Elaina picked hers up, and drained almost all of it before placing it down again and letting out a conted sigh.
“Ha! She drinks like a Phoenix Ranger.”
Trivo smiled at his old friend. Steeven had burnt auburn hair that peeked out from a horned helmet. His beard was a slightly darker color, and came together in a circlet braided beneath. He wore a green tunic embroidered with a dwarven argyle pattern over a shirt of chain mail. Trivo noticed he was unencumbered by his battleaxe, which meant he must have already rented a room at the Rooster next door. His tan leggings mostly covered thick black boots, and a dagger peaked out of one, just in case a fight broke out. His blue cloak had been folded up, and laid on the table to make him a little cooler. Trivo grinned and his thoughts involved memories of old campaigns fought with Steeven.
“I think I’ll have a smoke,” Trivo said, taking a polite sip of his beer. He pulled a wooden pipe out of his pack, banged it against the table, and began packing it with his dried dreamweed. “Would you two care to join?”
“Aye, but I won’t let it slow down my drinking. Tell me, Elaina, have you learned a great deal from our man Trivo?”

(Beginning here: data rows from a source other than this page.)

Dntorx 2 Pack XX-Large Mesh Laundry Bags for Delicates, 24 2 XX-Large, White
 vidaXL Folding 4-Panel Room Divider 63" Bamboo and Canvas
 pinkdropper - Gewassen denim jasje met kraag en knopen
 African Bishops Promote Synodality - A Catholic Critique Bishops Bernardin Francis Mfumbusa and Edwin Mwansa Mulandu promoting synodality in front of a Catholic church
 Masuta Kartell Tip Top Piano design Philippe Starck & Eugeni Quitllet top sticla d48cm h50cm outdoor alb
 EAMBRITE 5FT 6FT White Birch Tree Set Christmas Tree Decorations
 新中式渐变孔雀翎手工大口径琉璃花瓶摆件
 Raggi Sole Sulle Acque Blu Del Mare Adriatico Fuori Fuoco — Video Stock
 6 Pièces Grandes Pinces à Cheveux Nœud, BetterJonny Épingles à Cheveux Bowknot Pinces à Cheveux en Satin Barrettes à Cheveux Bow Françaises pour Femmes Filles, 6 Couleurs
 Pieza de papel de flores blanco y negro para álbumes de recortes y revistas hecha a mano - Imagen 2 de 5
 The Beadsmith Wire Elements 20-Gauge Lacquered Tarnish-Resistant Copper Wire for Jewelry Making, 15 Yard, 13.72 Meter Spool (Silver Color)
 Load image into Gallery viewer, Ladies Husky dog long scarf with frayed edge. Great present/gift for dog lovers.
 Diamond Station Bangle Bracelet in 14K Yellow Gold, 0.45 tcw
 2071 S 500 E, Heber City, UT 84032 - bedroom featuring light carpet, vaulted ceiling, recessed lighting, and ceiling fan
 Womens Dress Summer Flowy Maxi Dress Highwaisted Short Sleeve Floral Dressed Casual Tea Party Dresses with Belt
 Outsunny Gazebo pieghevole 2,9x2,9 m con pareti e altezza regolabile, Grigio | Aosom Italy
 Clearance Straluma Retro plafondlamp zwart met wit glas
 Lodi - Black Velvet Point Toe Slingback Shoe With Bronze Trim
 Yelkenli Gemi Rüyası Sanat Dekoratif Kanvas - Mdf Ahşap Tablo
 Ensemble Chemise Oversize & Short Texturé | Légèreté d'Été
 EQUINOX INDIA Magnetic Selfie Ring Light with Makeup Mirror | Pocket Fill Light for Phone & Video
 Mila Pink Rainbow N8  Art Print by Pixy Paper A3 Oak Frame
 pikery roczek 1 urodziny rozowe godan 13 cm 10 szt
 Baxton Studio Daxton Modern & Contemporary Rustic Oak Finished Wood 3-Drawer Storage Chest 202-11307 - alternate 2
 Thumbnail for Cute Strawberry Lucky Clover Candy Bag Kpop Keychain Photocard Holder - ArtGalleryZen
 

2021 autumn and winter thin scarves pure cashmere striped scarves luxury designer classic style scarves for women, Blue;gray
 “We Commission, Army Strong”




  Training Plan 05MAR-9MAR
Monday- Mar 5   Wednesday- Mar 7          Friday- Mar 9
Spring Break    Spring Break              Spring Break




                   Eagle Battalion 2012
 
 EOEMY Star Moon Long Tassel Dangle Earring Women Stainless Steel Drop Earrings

“Yes, he’s a good mentor. He taught me how to shoot and how to swing a sword. I’ve tried to teach him how to pick a lock, but I’m afraid I don’t have his patience.”
“I’ve got a strong arm, but clumsy fingers, I’m afraid.” Trivo produced a long wooden stem, held it into a lantern on a table until it began to glow orange, then placed it over the pipe and smoked. He stomped the stem out in an ash tray, and passed the pipe to Steeven. The dwarf took it, and drew in as well. Each held their breath for a few seconds, exhaling simultaneously while beginning to laugh.
“Here, Elaina, try this. Dreamweed won’t pain you the next day like too much drink, but it’ll lift your spirits.”
“Elaina took a deep breath, but even though she tried to hold it in, the smoke left in a fit of coughing. She extinguished the fire in her lungs with the last of her beer and put the pipe down. “Disgusting.”
“An acquired taste to be sure,” Trivo replied, as he and Steeven began to pass the pipe back and forth. In the meantime, Elaina walked to the bar and ordered drinks for herself and Steeven who had both emptied their mugs.
After a bit more conversation, Steeven suggested another round. “I can’t,” Elaina told him. “I’m simply out of coin.” Trivo’s eyebrows raised, but he held his tongue. If it took the skill of a thief for Elaina to hold onto her money, so be it. Steeven did not want for anything. His success as a mercenary ensured that.
“Nonsense. You just want to stop drinking. A contest, then. I’m sure I can drink you under the table. The winner gets the honor of man or woman of the night,” Steeven declared.
Elaina winked at Trivo. “As long as it’s on your purse, I have no objections.”
Trivo smiled and finished his beer. Throughout the night, he watched, making sure nobody tried to take advantage of Elaina in her state. After a fierce bout of drinking, Elaina collapsed onto Trivo and began snoring.
“Victory!” Steeven yelled, and fell backwards onto a wooden bench. A group of elves and humans began laughing and clanking their mugs together. Trivo put Elaina’s arm around him, grabbed her waist, and walked the woman towards the inn.